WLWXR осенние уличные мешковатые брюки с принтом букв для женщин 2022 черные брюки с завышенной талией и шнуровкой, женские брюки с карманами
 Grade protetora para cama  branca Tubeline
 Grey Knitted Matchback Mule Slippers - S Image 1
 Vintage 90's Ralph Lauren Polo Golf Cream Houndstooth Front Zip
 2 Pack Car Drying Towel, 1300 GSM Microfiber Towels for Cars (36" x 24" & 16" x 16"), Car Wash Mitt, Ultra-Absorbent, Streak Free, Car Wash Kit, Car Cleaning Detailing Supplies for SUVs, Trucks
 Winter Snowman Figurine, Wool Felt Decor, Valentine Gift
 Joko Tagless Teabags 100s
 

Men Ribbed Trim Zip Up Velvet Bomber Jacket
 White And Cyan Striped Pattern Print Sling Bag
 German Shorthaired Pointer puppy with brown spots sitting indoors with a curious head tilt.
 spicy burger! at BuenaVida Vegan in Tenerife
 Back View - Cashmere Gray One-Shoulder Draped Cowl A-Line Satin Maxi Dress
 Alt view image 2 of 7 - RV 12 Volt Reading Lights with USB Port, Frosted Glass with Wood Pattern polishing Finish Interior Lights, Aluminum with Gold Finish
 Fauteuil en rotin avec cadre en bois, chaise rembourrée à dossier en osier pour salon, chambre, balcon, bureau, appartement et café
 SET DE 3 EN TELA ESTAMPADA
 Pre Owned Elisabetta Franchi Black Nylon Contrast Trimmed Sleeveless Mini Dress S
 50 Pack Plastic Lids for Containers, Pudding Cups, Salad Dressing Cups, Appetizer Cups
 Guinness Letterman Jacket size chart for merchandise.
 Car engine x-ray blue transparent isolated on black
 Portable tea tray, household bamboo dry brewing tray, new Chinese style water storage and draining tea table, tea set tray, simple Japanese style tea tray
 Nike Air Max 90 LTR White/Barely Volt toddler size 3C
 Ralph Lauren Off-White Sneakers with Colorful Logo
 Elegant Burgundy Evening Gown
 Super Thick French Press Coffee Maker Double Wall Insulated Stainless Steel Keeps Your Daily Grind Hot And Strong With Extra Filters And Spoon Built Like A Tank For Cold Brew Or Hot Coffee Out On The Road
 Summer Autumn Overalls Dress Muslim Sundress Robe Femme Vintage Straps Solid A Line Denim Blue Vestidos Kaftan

◇ ◇ ◇ ◇

WHAT THE TASK ASKS — Word for word, restate the line that contains "Nike Air Max" and each line after it, up to and including the last line of the listing; include nothing else.

ANSWER FOR THIS EXERCISE —
 Nike Air Max 90 LTR White/Barely Volt toddler size 3C
 Ralph Lauren Off-White Sneakers with Colorful Logo
 Elegant Burgundy Evening Gown
 Super Thick French Press Coffee Maker Double Wall Insulated Stainless Steel Keeps Your Daily Grind Hot And Strong With Extra Filters And Spoon Built Like A Tank For Cold Brew Or Hot Coffee Out On The Road
 Summer Autumn Overalls Dress Muslim Sundress Robe Femme Vintage Straps Solid A Line Denim Blue Vestidos Kaftan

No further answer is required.